Maybe Tony Soprano was onto something. As the lead mobster in the HBO series "The Sopranos," he and his crew often turned to prepaid cellphones, presumably to avoid wiretaps.

But now these pay-as-you-go phones are winning over fans for different reasons - recession-battered consumers are buying them as a way to cut costs and avoid the lengthy contracts and occasional billing surprises that come with traditional cellphone plans.

"Frugal is the new chic," said Joy Miller, 33, a piano teacher in Aubrey, Tex. After almost a decade on contract plans with Verizon Wireless, Mrs. Miller and her husband decided this month to test-drive a few prepaid plans, including MetroPCS. "In today's economy, it's not cool to pay $120 a month for a phone. It's a waste of money."

Although prepaid phones remain a fraction of the overall mobile phone market, sales of the category grew 13 percent in North America last year, nearly three times faster than traditional cellphone plans, according to Pali Research, an investment advisory firm. For the first time in its history, T-Mobile has been signing up more new prepaid customers than traditional ones. And Sprint Nextel is betting that a new flat-rate prepaid plan will help it wring more value from its struggling Nextel unit.

Any stigma attached to the phones - they are a common prop in any show or movie about gangs and spies - is falling away as prices drop and the quality of the phones rises.
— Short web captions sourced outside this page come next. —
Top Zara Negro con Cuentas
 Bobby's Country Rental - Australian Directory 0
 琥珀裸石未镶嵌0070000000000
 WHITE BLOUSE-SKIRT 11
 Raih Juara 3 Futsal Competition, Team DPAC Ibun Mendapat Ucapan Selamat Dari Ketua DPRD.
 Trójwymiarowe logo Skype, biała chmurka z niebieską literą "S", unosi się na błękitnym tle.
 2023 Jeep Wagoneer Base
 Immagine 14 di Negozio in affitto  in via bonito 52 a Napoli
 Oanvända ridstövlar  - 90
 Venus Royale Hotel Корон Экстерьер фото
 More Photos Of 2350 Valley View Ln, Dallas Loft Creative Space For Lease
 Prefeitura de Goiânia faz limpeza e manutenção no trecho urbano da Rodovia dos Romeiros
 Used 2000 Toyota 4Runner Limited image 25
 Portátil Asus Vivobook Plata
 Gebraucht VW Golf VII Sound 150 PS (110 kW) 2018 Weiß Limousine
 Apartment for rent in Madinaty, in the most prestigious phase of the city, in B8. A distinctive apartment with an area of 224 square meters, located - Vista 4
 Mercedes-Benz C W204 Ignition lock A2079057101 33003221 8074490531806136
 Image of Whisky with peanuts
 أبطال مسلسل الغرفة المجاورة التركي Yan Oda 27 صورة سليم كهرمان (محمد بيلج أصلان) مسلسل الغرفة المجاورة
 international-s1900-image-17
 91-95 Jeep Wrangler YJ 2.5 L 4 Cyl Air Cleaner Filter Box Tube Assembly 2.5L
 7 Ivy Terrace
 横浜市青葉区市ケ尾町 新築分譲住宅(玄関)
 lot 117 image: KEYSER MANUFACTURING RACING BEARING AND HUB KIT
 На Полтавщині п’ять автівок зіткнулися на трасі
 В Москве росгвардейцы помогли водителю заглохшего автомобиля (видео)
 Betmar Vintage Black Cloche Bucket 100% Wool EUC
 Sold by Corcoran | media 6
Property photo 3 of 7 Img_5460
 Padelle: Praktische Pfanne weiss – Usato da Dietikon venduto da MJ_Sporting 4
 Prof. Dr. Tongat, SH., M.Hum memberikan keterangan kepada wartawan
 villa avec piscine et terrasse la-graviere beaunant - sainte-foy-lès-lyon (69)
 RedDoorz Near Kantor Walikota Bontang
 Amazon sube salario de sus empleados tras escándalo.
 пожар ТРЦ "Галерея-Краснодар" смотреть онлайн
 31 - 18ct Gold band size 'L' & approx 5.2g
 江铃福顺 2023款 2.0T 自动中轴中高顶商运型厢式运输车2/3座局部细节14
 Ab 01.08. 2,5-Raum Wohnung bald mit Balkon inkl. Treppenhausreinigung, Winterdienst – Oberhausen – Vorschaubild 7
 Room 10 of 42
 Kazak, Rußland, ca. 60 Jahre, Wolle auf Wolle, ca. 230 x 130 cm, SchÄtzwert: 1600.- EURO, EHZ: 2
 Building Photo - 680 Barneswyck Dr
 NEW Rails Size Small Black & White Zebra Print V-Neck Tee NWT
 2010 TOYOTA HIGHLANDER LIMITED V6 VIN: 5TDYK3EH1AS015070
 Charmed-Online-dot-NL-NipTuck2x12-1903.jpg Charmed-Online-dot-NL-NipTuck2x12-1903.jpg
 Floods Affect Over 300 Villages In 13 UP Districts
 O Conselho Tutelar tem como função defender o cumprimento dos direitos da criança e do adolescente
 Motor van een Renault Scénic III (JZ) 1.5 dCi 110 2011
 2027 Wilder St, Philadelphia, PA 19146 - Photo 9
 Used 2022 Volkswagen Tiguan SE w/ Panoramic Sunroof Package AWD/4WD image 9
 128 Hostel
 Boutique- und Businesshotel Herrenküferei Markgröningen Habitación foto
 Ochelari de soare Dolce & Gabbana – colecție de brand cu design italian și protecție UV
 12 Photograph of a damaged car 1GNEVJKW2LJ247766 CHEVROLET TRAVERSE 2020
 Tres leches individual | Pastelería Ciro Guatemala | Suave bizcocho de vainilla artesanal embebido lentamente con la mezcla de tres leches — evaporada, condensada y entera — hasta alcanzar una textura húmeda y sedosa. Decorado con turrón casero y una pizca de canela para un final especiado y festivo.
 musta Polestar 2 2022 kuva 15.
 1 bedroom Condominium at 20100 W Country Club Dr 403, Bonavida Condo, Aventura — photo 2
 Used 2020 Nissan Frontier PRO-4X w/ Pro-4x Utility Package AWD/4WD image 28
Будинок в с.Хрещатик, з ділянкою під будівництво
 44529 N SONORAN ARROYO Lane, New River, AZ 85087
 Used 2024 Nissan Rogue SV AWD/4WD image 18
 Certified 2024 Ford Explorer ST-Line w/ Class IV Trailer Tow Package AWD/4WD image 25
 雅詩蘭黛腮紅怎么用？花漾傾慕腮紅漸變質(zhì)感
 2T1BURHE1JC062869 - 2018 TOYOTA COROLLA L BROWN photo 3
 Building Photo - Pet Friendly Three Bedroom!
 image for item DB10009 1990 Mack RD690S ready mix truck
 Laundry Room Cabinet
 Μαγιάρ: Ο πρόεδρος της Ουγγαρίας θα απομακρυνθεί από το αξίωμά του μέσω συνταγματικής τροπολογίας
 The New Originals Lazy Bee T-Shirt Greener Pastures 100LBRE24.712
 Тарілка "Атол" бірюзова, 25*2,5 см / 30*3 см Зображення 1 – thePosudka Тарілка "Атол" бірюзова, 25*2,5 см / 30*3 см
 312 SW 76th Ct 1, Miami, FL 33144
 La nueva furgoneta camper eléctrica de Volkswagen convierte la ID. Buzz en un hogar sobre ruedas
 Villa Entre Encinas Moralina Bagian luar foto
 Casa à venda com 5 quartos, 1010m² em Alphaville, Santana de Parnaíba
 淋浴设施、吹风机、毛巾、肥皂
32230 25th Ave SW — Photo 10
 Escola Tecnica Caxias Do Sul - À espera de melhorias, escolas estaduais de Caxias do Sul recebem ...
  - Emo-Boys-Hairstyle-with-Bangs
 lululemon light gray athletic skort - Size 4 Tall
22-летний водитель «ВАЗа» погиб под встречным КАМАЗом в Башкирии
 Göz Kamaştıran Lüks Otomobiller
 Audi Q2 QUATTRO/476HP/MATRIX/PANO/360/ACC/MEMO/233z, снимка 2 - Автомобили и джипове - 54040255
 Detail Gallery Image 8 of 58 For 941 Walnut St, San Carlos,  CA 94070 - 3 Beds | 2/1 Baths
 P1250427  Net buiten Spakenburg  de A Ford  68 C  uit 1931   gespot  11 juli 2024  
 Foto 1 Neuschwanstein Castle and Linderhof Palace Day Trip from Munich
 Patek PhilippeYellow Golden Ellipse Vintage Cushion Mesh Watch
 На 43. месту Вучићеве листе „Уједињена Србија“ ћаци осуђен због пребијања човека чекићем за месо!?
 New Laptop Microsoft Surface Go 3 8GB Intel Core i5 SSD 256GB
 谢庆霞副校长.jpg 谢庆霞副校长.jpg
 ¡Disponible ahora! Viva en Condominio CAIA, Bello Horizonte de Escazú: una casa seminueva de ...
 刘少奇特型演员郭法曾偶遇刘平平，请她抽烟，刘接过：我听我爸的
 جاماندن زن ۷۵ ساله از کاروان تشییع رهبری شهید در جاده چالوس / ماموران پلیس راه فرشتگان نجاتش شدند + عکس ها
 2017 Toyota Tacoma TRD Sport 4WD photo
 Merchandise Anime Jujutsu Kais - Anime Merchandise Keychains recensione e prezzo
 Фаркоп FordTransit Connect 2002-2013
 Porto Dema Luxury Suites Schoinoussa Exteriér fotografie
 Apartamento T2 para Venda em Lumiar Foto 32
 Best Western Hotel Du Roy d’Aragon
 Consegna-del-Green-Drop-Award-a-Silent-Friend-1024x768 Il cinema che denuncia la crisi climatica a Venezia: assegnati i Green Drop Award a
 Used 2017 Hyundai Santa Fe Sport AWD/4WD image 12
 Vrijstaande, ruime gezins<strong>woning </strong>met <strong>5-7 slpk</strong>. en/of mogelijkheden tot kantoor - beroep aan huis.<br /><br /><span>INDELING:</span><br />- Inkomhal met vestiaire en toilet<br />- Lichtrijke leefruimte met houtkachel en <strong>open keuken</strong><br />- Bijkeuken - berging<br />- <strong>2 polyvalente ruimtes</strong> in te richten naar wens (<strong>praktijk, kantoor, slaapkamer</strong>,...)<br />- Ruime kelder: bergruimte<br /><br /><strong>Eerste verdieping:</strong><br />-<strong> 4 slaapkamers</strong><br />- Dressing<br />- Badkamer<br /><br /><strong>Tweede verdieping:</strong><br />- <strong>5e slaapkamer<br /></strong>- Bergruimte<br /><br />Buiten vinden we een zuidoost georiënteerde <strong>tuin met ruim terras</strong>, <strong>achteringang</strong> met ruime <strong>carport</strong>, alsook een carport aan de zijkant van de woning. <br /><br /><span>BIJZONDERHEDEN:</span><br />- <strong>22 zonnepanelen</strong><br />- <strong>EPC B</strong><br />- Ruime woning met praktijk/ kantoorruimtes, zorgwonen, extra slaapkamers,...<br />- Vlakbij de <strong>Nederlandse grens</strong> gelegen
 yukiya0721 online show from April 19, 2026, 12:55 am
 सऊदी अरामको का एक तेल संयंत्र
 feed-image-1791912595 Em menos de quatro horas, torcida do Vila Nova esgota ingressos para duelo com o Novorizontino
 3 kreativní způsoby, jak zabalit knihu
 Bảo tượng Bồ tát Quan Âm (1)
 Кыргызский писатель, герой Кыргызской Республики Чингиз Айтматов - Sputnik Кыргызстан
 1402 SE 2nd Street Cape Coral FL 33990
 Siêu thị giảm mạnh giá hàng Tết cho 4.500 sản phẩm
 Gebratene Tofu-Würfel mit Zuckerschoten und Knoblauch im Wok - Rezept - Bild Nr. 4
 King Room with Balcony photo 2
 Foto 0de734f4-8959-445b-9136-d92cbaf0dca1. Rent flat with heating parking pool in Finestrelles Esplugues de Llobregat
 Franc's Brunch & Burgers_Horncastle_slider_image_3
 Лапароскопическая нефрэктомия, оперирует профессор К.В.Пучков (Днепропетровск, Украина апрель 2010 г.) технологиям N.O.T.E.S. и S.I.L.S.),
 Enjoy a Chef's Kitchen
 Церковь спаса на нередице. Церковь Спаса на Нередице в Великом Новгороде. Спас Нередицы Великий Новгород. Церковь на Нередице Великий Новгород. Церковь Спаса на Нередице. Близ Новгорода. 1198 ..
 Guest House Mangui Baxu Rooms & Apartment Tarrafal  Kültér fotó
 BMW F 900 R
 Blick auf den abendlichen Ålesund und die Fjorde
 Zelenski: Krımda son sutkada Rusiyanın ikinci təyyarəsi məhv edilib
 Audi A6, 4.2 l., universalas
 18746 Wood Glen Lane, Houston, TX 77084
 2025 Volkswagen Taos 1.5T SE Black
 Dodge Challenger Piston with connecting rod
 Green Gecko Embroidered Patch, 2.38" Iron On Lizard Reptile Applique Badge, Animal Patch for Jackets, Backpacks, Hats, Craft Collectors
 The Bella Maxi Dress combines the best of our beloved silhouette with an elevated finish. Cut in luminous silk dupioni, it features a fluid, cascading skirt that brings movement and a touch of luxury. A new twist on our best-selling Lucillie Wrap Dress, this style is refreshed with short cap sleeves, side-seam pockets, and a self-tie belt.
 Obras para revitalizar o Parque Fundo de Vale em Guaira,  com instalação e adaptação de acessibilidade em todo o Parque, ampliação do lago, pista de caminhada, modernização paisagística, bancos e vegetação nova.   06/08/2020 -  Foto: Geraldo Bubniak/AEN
Prepaid carriers like MetroPCS, Virgin Mobile and Sprint's Boost Mobile division now offer sleeker handsets, better coverage and more options, from 10-cent-a-minute calling cards that customers refill as needed to $50-a-month, flat-rate plans for chatterboxes who want unlimited calling, Web browsing and text messaging.

The savings can be considerable. An AT&T customer with an Apple iPhone on a traditional plan pays at least $130 a month, excluding taxes and fees, for unlimited calls and Web use. Compared with the $50-a-month, all-inclusive prepaid plans, the iPhone owner pays nearly $1,000 more over the course of a year.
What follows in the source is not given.